Straight out of Blazing Saddles. A bunch of lynch-happy peckerheads arguing
about eyeholes in their pillowcases? You
can just hear Cleavon Little saying , “White people are so DUMB, baby.” It’s a safe laugh, and when they get blown to hell, who
cares? They’re nothing but a bunch of
stupid rednecks who deserve to die at the hands of our cultured,
politically-correct heroes. And in the
background, you can hear Tarantino saying, “That’s right, modern audience--you
laugh. You laugh away. Because in about 20 minutes, I'm gonna have
an old black guy torn apart by dogs. Who's
your bitch now?”
If
Tarantino was a fighter, he would only have two punches: a left jab so pussy it
makes you laugh, and then a right to the jaw that makes you see stars. He makes you laugh, and then he knocks you on
your ass. He makes you care, and then he
knocks you on your ass. He makes you
sick to your stomach, and then he reminds you that it’s only a movie; and then he
knocks you on your ass again. And boy,
is he a sucker for that “it’s only a movie” move. Remember the
end of Death Proof? Where Kurt
Russell is getting the crap kicked out of him, and suddenly it turns into a
Foghorn Leghorn cartoon, complete with sound effects? There’s something like that in all Tarantino’s films, and it’s beginning to feel more like
a character flaw than a character trait.
Every
time Tanrantino gets close to a real emotion, he points to the camera.

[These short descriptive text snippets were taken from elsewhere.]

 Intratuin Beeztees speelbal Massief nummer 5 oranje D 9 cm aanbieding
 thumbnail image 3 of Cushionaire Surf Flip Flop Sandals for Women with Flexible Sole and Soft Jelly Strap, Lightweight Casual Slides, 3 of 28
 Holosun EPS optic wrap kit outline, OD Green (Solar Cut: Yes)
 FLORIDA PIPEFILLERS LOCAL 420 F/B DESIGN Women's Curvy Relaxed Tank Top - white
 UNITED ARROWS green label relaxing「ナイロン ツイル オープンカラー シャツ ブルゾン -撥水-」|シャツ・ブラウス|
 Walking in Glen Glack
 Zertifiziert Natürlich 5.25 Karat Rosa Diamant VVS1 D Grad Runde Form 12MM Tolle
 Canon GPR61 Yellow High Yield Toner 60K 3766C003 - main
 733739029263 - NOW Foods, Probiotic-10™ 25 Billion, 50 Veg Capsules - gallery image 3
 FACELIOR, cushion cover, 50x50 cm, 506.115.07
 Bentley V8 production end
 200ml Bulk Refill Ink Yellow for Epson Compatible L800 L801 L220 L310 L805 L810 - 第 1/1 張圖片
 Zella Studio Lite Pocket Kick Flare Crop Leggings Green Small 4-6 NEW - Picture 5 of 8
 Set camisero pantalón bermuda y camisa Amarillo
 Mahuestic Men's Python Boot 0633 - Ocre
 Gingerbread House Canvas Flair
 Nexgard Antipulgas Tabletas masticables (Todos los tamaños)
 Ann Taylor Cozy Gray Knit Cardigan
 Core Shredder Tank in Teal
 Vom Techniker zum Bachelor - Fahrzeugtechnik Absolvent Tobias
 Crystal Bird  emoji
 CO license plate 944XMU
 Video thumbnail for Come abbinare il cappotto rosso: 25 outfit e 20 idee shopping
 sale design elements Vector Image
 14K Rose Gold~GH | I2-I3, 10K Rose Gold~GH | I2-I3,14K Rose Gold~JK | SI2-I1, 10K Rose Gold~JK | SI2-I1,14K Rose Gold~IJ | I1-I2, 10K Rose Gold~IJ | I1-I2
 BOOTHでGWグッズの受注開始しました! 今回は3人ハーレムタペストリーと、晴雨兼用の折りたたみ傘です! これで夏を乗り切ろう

He’s the kind of guy who can’t have sex with you without
picking the absolutely worst moment to point out that he’s doing to you what Mickey
Rourke did to Kim Basinger in 9 ½ Weeks.
MICKEY ROURKE: In his dreams.
KIM BASINGER: Not mine.
I keep coming
back to Schultz’s
death, because it’s totally
arbitrary, and yet, because of the way the film is structured, totally necessary. There are so many ways a plot necessity can
be accomplished, but in the end, the way it’s done says something vital
about the artist. When a man faces
death, really faces it, you see exactly how much he values life. When a creator
kills off one of his characters, especially someone the audience likes and
identifies with, you see the same thing.
He can give him dignity, he can give him disgrace; he can have him come
onstage cradling the dead body of his daughter, or he can have her willingly
commit suicide because the odds is gone and there is nothing left remarkable
beneath the visiting moon. Or, as in
this movie, he can have a character shoot another character and then turn
around and say “I’m sorry; I couldn’t resist,” before he gets blown
away. A moment which, the more I think
about it, seems to me to be nothing more than Quentin Tarantino talking
directly to the audience. I could have
done this so many ways, he’s saying to us. I
could have given Schultz a noble death, or a clever death, or a death that was
totally in character for him. I know
that. But I decided to make it
meaningless. I decided to make it the preface to a ridiculously-over-the-top bloodbath. I decided to go for the cheap laugh. I’m sorry--I couldn’t resist.
Opening
sentence: Django Unchained is the
kind of movie Tarantino detractors can point to as a perfect example of what he
always ends up doing and why they despise it.
1 comment:
Fascinating "notes." Lot of fun, worthy of re-reading and almost makes the film worth re-viewing.